Some of the important punctuation marks are explained below with examples.

Full stop (.)

Full stop is a small dot which denotes the longest pause. It is put at the end of a sentence to close a statement. If an interrogative sentence expresses a polite request then instead of Question mark, full stop can be used. It is also used after abbreviated forms of names, degrees, weights, and measures.

Examples:

  • I am studying an M.B.A.
  • Give me some sugar.
  • The meat weighs 5kg.

Question mark/ Mark of Interrogation (?)

Mark of interrogation is used to at the end of questions.

Examples:

  • Do you have a car?
  • What is she doing?

The Apostrophe(‘)

Apostrophe is another punctuation mark which is a short pause used to make short forms of words, show possession, to form plurals etc.

Examples:

  • Don’t make noise.
  • James’s hair is curly.

Inverted Commas (‘’ ,“ ”)

Inverted commas are also known as quotation marks. Inverted commas are mainly used in direct speech when we are writing the actual words of a speaker. Also the titles of poems, essays books etc. are put inside inverted commas. Single inverted commas and double inverted commas are two types of inverted commas.

Examples:

  • My father asked my brother, “Who said ‘time and tide waits for none’?”
  • He said, “I love the smell of your hair.”

​​Mark of Exclamation (!)

Mark of Exclamation is used at the end of a word or sentence which express sudden emotions like: surprise, hatred, pity, anger etc.

Examples:

  • Just get Lost!
  • Wow! It is a beautiful house.

The Colon (:)

The Colon is used when we introduce a list of items, express two opposite ideas/views or an explanation.

Examples:

  • He builds hope: she destroys it.
  • The different fruits are: apple, mango, watermelon and pomegranate.

Semicolon (;)

It is that punctuation mark which expresses medium pause.
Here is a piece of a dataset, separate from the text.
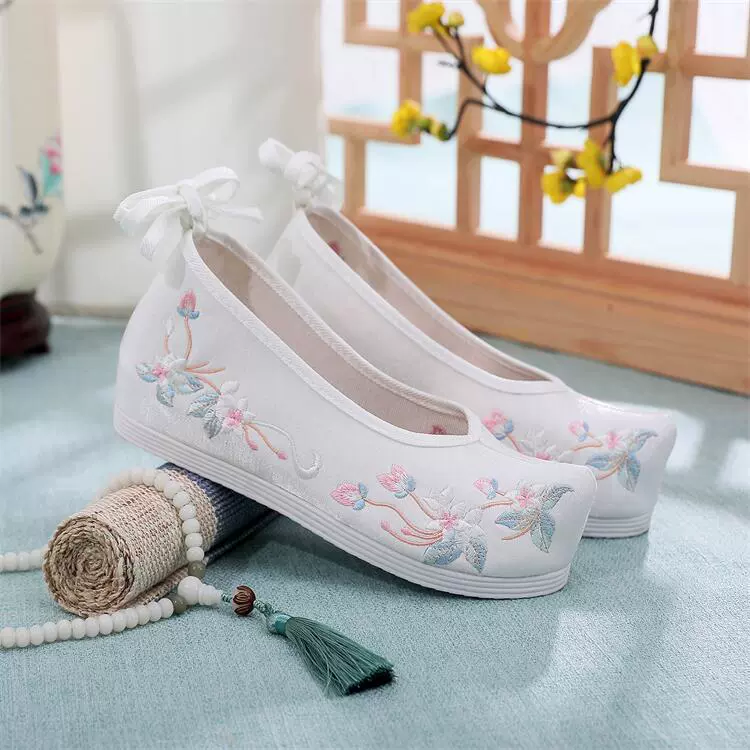 Family Smoke 2023 Новые подходящие антикварные туфли ханьфу Женская обувь с вышивкой Туфли с внутренней высотой арки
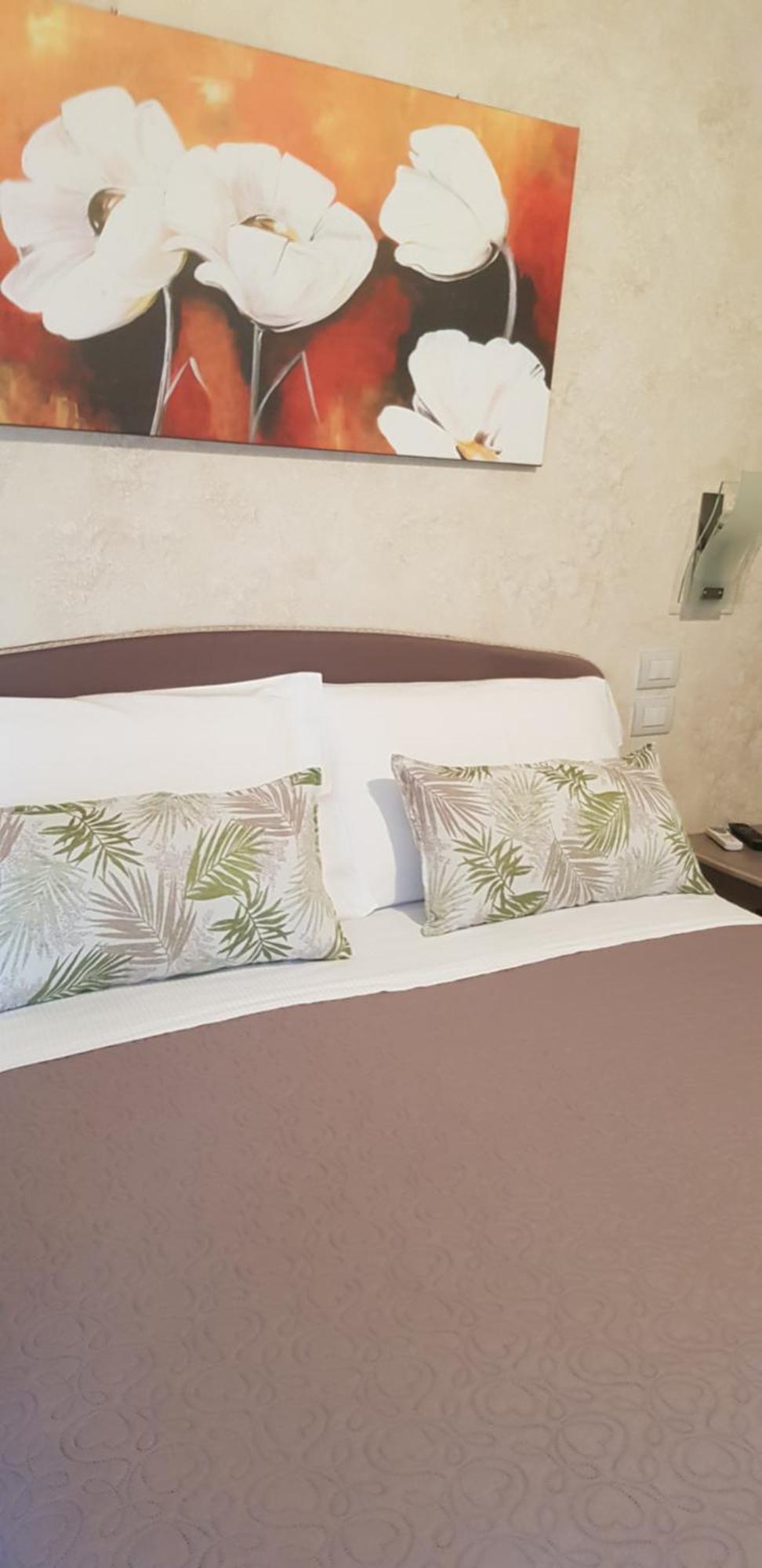 Hotel Margherita Meuble Sirmione Eksteriør billede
Semicolon is used with coordinate clauses when they contain commas or are not joined by connectives (conjunctions).

Examples:

  • He studied daily; he worked really hard; he took tuition; he got good marks.
  • My grandmother does not talk to me; she does not care about me; she gets angry seeing my letters.

The Comma (,)

Comma is that punctuation mark which is regarded as a shortest pause. Comma is used so that meaning in a sentence does not get mixed up. It is used for separation of words to convey the correct meaning to readers. We use comma to bring clarity in our writing. Use of comma can change the meaning of sentence altogether. However, we should not use comma randomly.

Examples:

  • He came home, took shower, ate and watched television.
  • My teacher, in spite his poor health, comes to teach every day.

The Dash and Hyphen ( - )

Both look similar but Dash is longer and hyphen is shorter in size. Dash is generally used in the middle of a sentence to introduce an explanation and hyphen is used while writing compound numbers or words.

Examples:

  • Parents, husband, daughters, sons - everybody gave me gifts.
  • I am twenty-five year old man.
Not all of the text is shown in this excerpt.